Exercise requirements:
Copy each line below as written, but skip the pictures.

Exercise data:
Segment Open
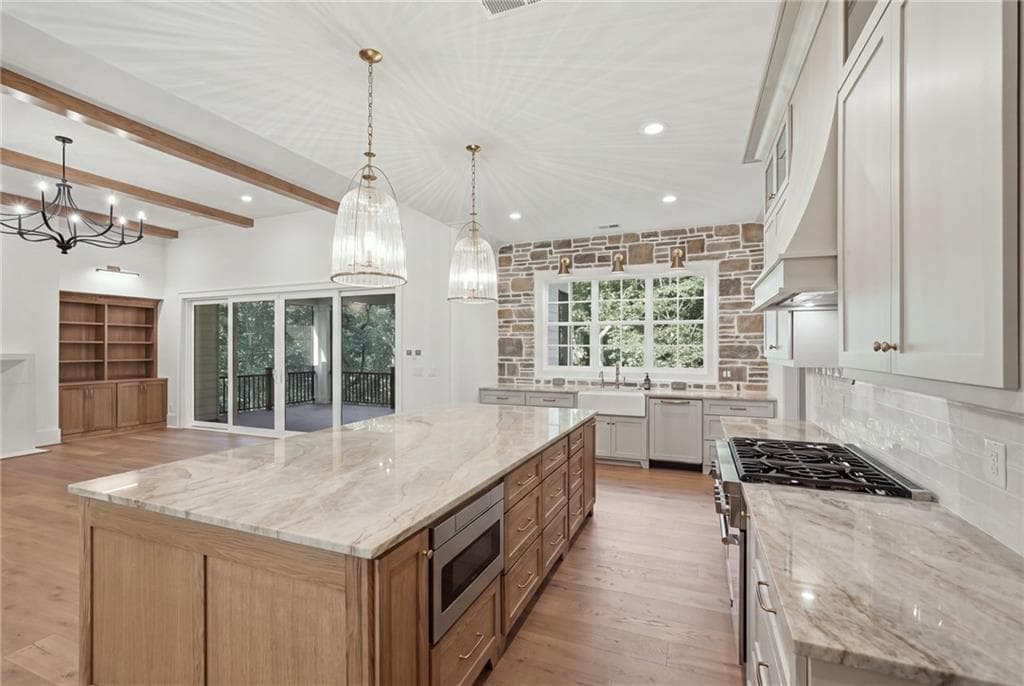 4 bedroom, 5 bathroom, 4,868 sq ft single family residence for sale at 82 Ridgetop Court, Dawsonville, GA 30534 — photo 2
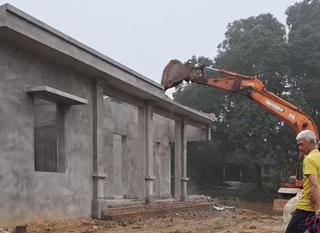 Phú Thọ: Chủ tịch xã nói về 'nhà văn hóa đang hoàn thiện lại dỡ bỏ'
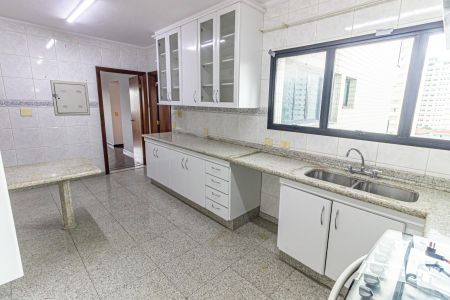 Apartamento para alugar com 128m², 3 quartos e 4 vagas Apartamento para alugar com 128m², 3 quartos e 4 vagasCozinha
Segment Closed
Answer space:
 4 bedroom, 5 bathroom, 4,868 sq ft single family residence for sale at 82 Ridgetop Court, Dawsonville, GA 30534 — photo 2
 Phú Thọ: Chủ tịch xã nói về 'nhà văn hóa đang hoàn thiện lại dỡ bỏ'
 Apartamento para alugar com 128m², 3 quartos e 4 vagas Apartamento para alugar com 128m², 3 quartos e 4 vagasCozinha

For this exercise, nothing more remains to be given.